# The problem
Copying rule for the data below: pictures stay out, and only the lines from the one with "A superb German" down to the one with "Jawakara Islands Maldives, Lhaviyani", inclusive, are repeated exactly.

** Task inputs follows **

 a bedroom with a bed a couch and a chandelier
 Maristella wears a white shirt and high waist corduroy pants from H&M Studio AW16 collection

** End of Task inputs **
** Task inputs follows **

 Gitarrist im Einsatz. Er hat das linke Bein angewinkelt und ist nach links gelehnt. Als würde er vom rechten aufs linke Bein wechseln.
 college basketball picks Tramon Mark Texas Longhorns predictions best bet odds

** End of Task inputs **
** Task inputs follows **

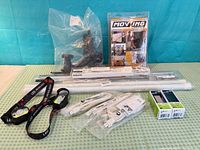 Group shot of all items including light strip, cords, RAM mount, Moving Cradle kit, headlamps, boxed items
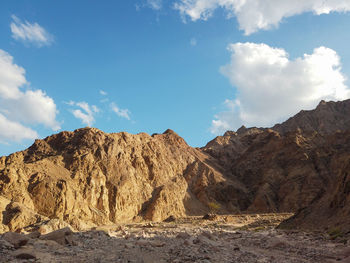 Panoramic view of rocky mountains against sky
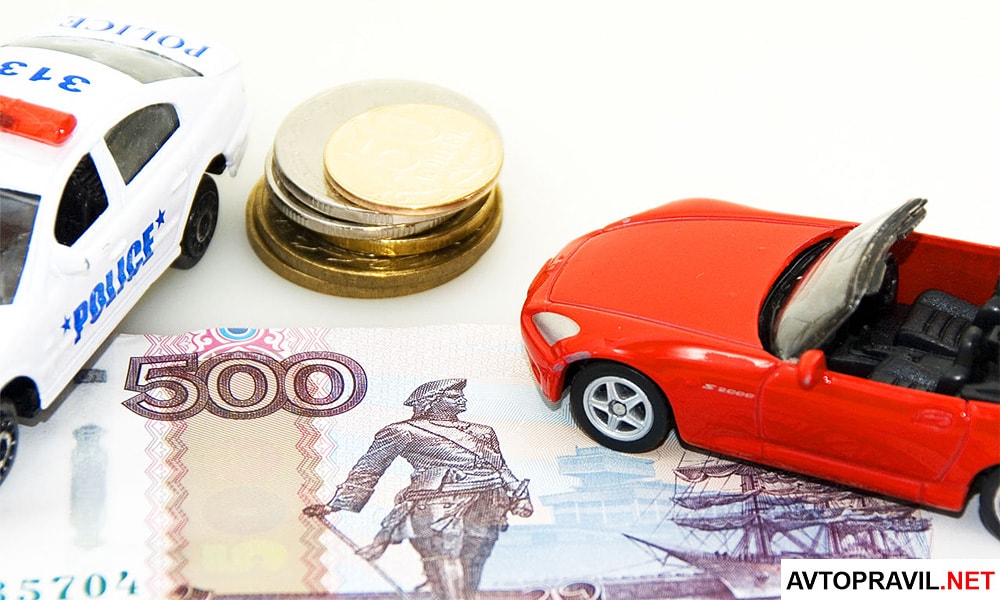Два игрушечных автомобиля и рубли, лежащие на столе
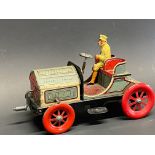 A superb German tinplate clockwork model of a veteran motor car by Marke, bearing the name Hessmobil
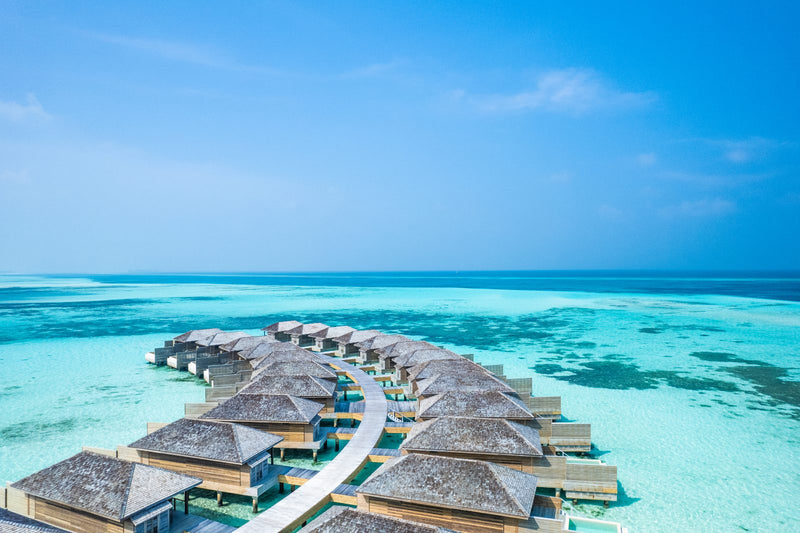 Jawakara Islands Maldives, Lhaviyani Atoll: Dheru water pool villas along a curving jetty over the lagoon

** End of Task inputs **

# Answer space
 A superb German tinplate clockwork model of a veteran motor car by Marke, bearing the name Hessmobil
 Jawakara Islands Maldives, Lhaviyani Atoll: Dheru water pool villas along a curving jetty over the lagoon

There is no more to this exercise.